Setting up the hypothesis test as follows:

(H_0: mean = 32) (The gifted children’s average months is equal to 32 ) (H_A: mean < 32) (The gifted children’s average months is less than 32.) (alpha = 0.10)

a <- 0.10
m <- 30.69
sd <- 4.31
n <- 36
SE <- sd / sqrt(n)
SE
## [1] 0.7183333
z <- (m - 32) / SE
z
## [1] -1.823666
pval <- pnorm(z)
pval
## [1] 0.0341013
x <- seq(-4, 4, length=100)
hx <- dnorm(x)
df <- data.frame(x, hx)
dfRegion <- df[df$x < z, ]

g1 <- ggplot() + 
  geom_line(aes(x=x, y=hx)) + 
  geom_ribbon(data=dfRegion, aes(ymin=0, ymax=hx, x=x), fill="lightblue") +
 labs(title="Gifted Rejection Region (blue)", y="", x="") 
#  myTheme
g1

  1. Interpret the p-value in context of the hypothesis test and the data.

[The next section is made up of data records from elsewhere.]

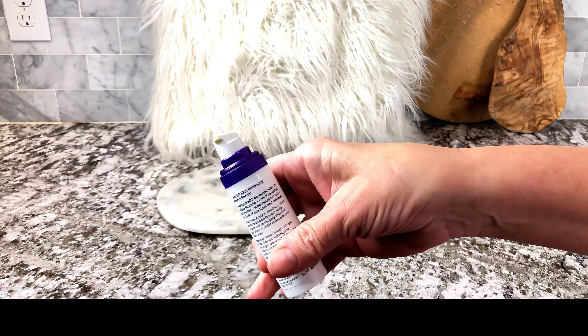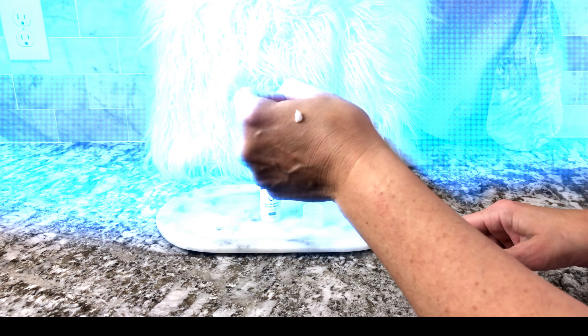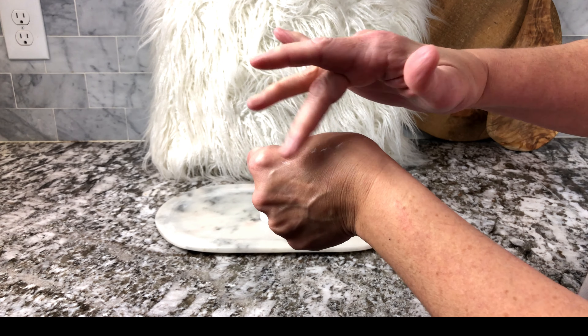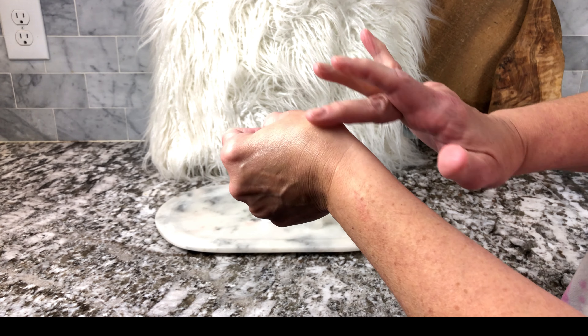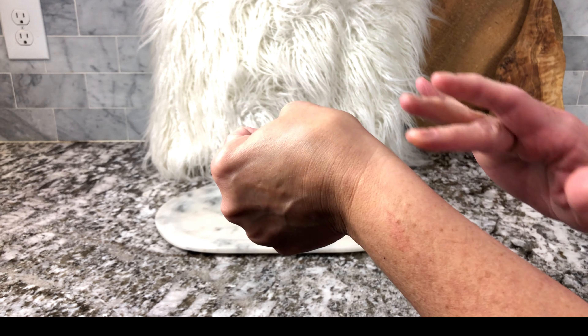I have sensitive skin and I absolutely love this product. This is the Anti-Aging Retinol Serum Cream. Look at how beautiful it comes out — super easy — and look at how quickly it was absorbed into my skin. You can see that there's no oily residue.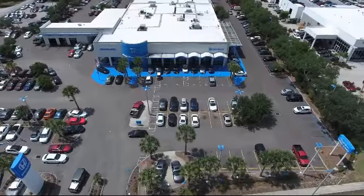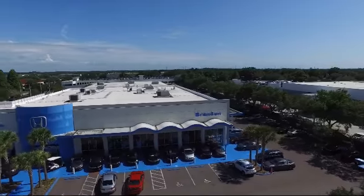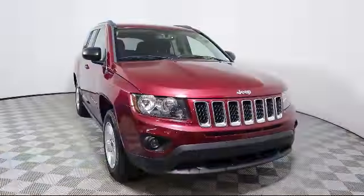Welcome to Brandon Honda, Tampa's premier Honda dealer, and home of the real nationwide lifetime warranty on all new and most pre-owned vehicles. Here's a look at another one of our great pre-owned vehicles from our large selection.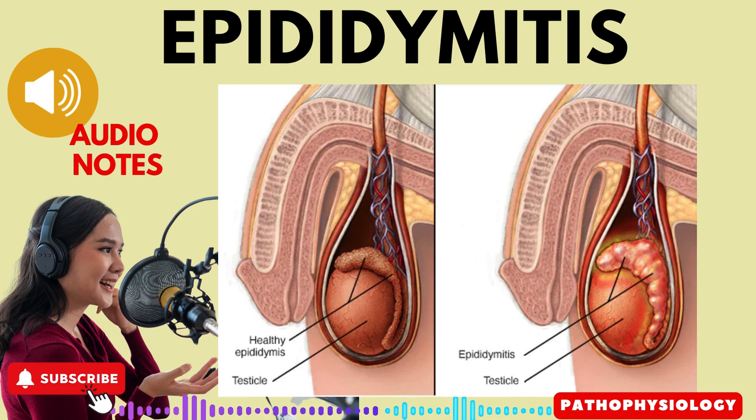Epididymitis. Epididymitis is an inflammation of the epididymis. The epididymis is a comma-shaped organ located along the posterior border of each testicle and plays a crucial role in the male reproductive system.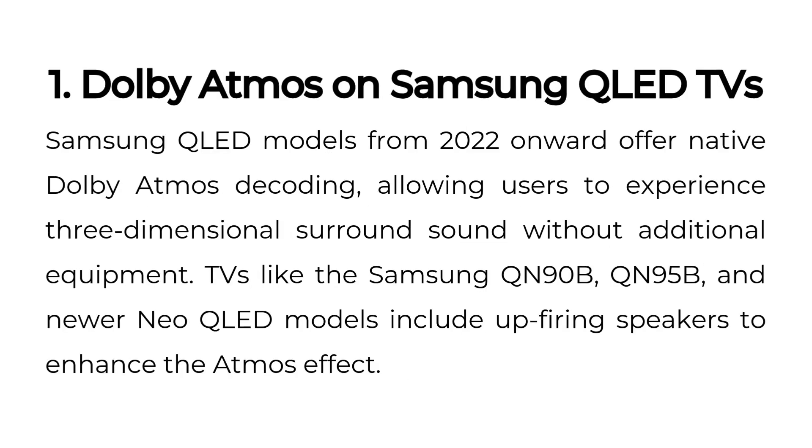First, Dolby Atmos on Samsung QLED TVs. Samsung QLED models from 2022 onward offer native Dolby Atmos decoding, allowing users to experience three-dimensional surround sound without additional equipment. TVs like the Samsung QN90B, QN95B, and newer Neo QLED models include up-firing speakers to enhance the Atmos effect.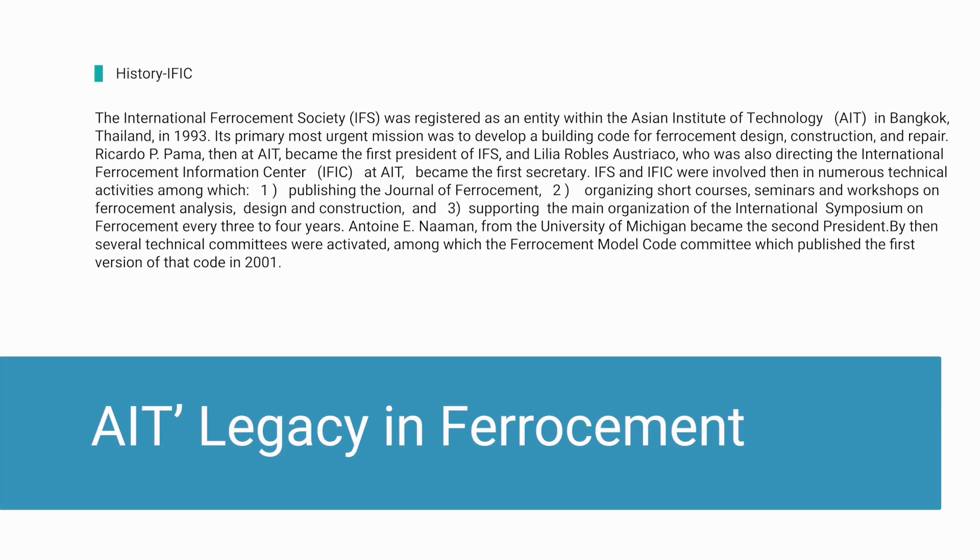This video shows how at AIT we have used this technology to build a whole new building extension on top of an existing building, which became offices and our smart lab. This project is very personal to all of us at AIT, especially me, because I rejoined AIT after my graduation in 1993, just about the time that the International Ferrocement Center was established under Professor Parma, who was one of my professors. I learned a lot from him regarding prestressed concrete and later worked with Lilia Sriyako, and I had the honor of meeting Professor Naaman also.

ANS: Pvalue of .0341 is lower than significance level 0.10. the gifted months mean of 30.69 is not close to the 32 month average. Therefore, I conclude to reject the null hypothesis in favor of the alternative.

  1. Calculate a 90% confidence interval for the average age at which gifted children first count to 10 successfully. ANS:
# z score of 0.10
Z <- abs(qnorm(a))
Z
## [1] 1.281552
# Compute the confidence interval
lower <- m - (Z * SE)
upper <- m + (Z * SE)
ci <- c(lower, upper)
ci
## [1] 29.76942 31.61058
lower - upper
## [1] -1.841162
  1. Do your results from the hypothesis test and the confidence interval agree? Explain.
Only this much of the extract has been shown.